The company does not have any deposit which is not in compliance with the Companies
Act, 2013.
Loans, guarantees and investments
The Company has not granted any inter-corporate loan, given guarantee or provided
security for availing loan by any other company. However, the company has invested its
funds in such number of companies and in such number of shares and securities in other
bodies corporate as referred to in Notes No. 06 and 11 of the Balance Sheet.
In compliance with Section 186 of the Companies Act, 2013, loans to employees bear
interest at applicable rates.
Conservation of Energy, Technology Absorption and Foreign Exchange Earnings and Outgo
The prescribed particulars of Conservation of Energy, Technology Absorption and Foreign
Exchange Earnings and Outgo required under Section 134(3)(m) read with Rule 8(3) of the
Companies (Accounts) Rules, 2014 attached as Annexure IV and forms a part of this Report
of the Directors.
Particulars of Employees
The prescribed particulars of Employees required under Section 134(3)(q) read with Rule
5 of the Companies (Appointment and Remuneration of Managerial Personnel) Rules, 2014 is
attached as Annexure VI and forms a part of this Report of the Directors. There are no
employees drawing remuneration more than Rs.102 Lakhs per annum or Rs.8,50,000/- per
month.
Statement On Compliance with Secretarial Standards
The Directors have devised systems to ensure compliance with the provisions of all
applicable Secretarial Standards and that such systems are adequate, and operating
effectively. The Company is in compliance with the applicable Secretarial Standards issued
by the Institute of Company Secretaries of India and approved by the Central Government
under Section 118(10) of the Act.
Annexures forming a part of this Report of the Directors
The Annexures referred to in this Report and other information which are required to be
disclosed are annexed herewith and form a part of this Report of the Directors :
I. Corporate Governance Report along with Certificate on Corporate Governance by the
Auditor of the Company.
II. Secretarial Audit Report
III. Extract of the Annual Return in Form MGT-9 - Web link.
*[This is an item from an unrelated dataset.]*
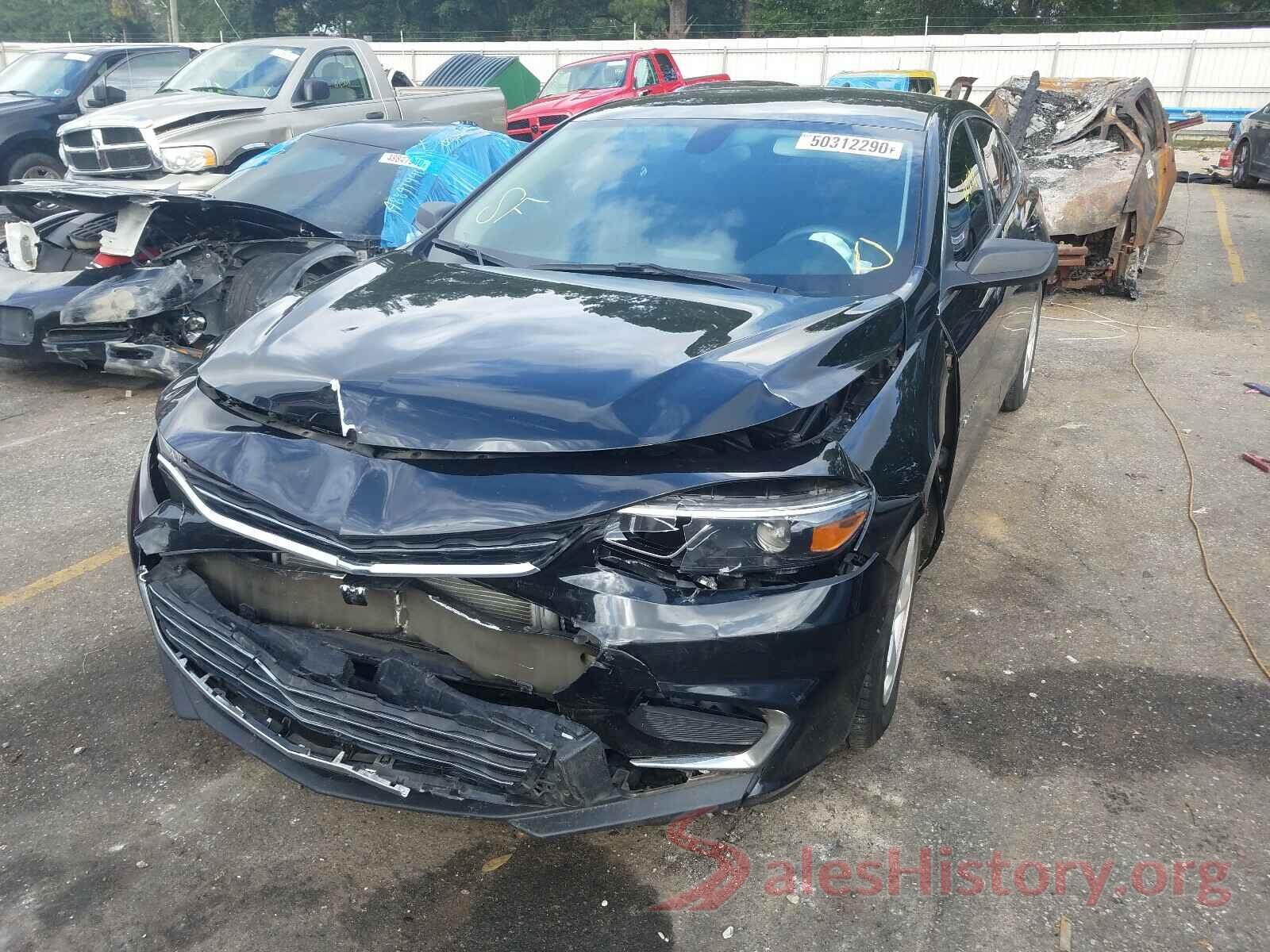 1G1ZB5ST8JF266878 2018 CHEVROLET MALIBU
IV. Particulars on Conservation of Energy, Technology Absorption, and Foreign Exchange
Earnings and Outgo.
V. Form AOC-2 for material contracts with Related Parties.
VI. Ratio of remuneration and Particulars of Employees.
VII. Annual Report on CSR spending.
VIII. Chairman & Managing Director's Certificate under Regulation 34(3) read with
Part D of Schedule V to SEBI (Listing Obligations and Disclosure Requirements)
Regulations, 2015 on compliance of the Code of Conduct.
IX. Certificate by Chairman and Managing Director and Chief Financial Officer under
Regulation 17(8), of the SEBI (Listing Obligations and Disclosure Requirements)
Regulations, 2015 on Financial Statements.
X. Remuneration Policy.
Appreciation
Your Directors record their sincere appreciation of the dedication and commitment of
all employees in achieving and sustaining excellence in all areas of the business. Your
Directors thank the Shareholders, customers, suppliers, and Bankers, and all other
stakeholders for their continuous support to the Company.